We're almost there, let's think about η transform, or return function. It's very simple,

return :: a -> World -> (World, a)
return x world =
  let newT = id
      newP = const x
    (newT world, newP world)

Now consult scenario 3 again.

iterateM :: (Monad m) => (a -> m a) -> a -> m [a]
iterateM f v = f v >>= go
  where go v' = (v' :) <$> iterateM f v'

something :: IO [Int]
something = iterateM return 5
take 5 <$> something

What would be transformation function for something ? Okay, since it's doing bind function, we can think it as composition of t1 from f v, which is id, and t2 from return value of go. Then what is transformation function of return value of go ? Well, we fmap something, so it will be same as right hand side... and there's the infinite loop. Essentially it is infinite composition of ids.

Note that the product function also is infinite compositions of (5 :) and id. It won't be a problem to be infinitely composed towards left side, such as ... . (5 :) . (5 :), but the product is also infinitely composed towards right side with ids.

I think this is what Willem meant by,

IO is a monad that also is exactly defined to run things in a specific order ...

that functions are composed in specific order to ensure IO are performed in specific order.

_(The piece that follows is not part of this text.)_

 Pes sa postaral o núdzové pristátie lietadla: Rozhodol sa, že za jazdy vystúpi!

And if you iterate infinitely, it will get composed infinitely.

Additionally, Scenario 3 not working with List or Maybe is rather simple. join function for Maybe monad requires knowing if right hand side is Just or Nothing. It's actually even documented as laziness breakers in Haskell Wiki because of such property. List monad is just me being stupid. List fmap requires to know nth element of right hand side in order to deduce the return value's nth element. And looking closely to the code, it can't deduce any element.

Scenario 1 would of course work because IO monad itself is not breaking laziness of inner value magically, but compositing product and transformation function does.

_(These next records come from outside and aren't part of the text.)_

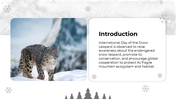 501682-international-day-of-the-snow-leopard-02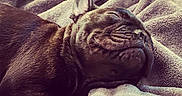 Bo joined the competition — help win amazing prizes! dog, puppy, french_bulldog, sleeping, blanket, cozy, pet, fur, cute, resting, animal, indoor, soft_texture, closeup, relaxing, snout, ears, peaceful, napping, companion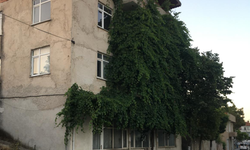 Üsküp'te Sarmaşıkların Sardığı Bina Dikkat Çekiyor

Of course above code is not how actual haskell's IO is implemented because, you can't really capture World and apply operations in real world. But conceptually it explains.

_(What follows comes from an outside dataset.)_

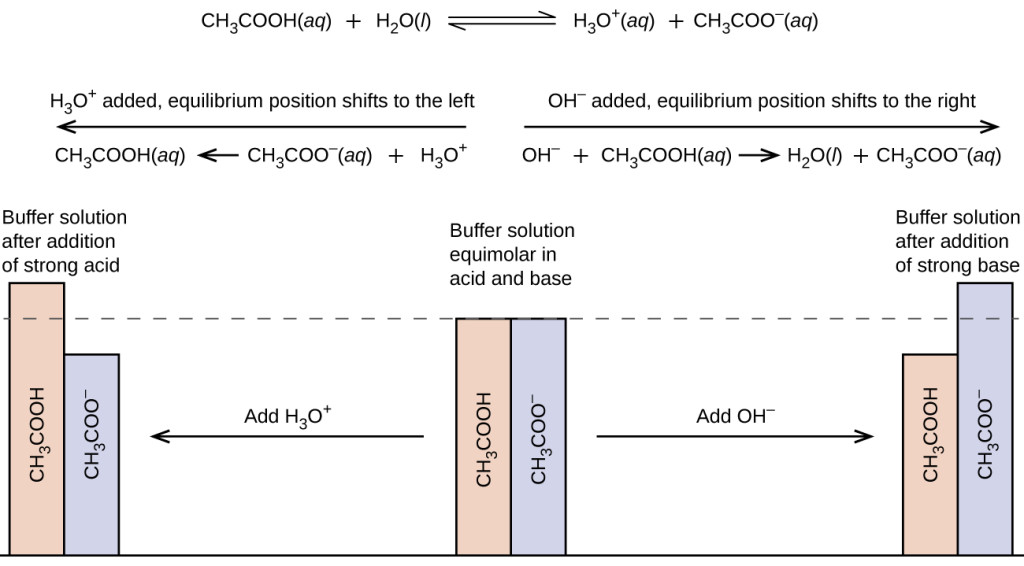 Buffers Chemistry for Majors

  • The main problem is the >>=, depending on what it does. For Product, the Monad instance is implemented as:

    instance Monad Product where
        m >>= k  = k (getProduct m)


    iterateM f v = go (getProduct (Product v))
      where go v' = (v' :) <$> iterateM f v'

    We can remote the Product and getProduct functions since these just wrap and unwrap it from the data constructor.

    iterateM f v = go v
      where go v' = (v' :) <$> iterateM f v'

    or thus:

    iterateM f v = go
      where go = (v' :) <$> go

    it thus will prepend a v' to the list wrapped in the go. For a Product it does not matter what the right hand side is: we know it can only be a product, and we don't need to evaluate the value wrapped in the Product either, since we just leave the function call (here (v' :)) to a value that might still need to be evaluated.

    This thus means that for a Product with an undefined value wrapped in it, or even an undefined product, we get:

    (take 1 . (0:) <$> (undefined :: Product [Int]))
    Product {getProduct = [0]}

    Now for IO that is not the case, IO is a monad that also is exactly defined to run things in a specific order: it thus prevents writing a second byte to a file before the first one, because the lazy evaluation somehow evaluated the second one first: it's main function is to guarantee that the order of evaluation, for IO operations only though, remains intact.

    But for IO this, thus means that if you have f v >>= go, it will thus first run f v and then go, and since go eventually is another f v >>= go, you thus keep producing operations to perform before the computation ends, and thus it gets stuck in an infinite loop.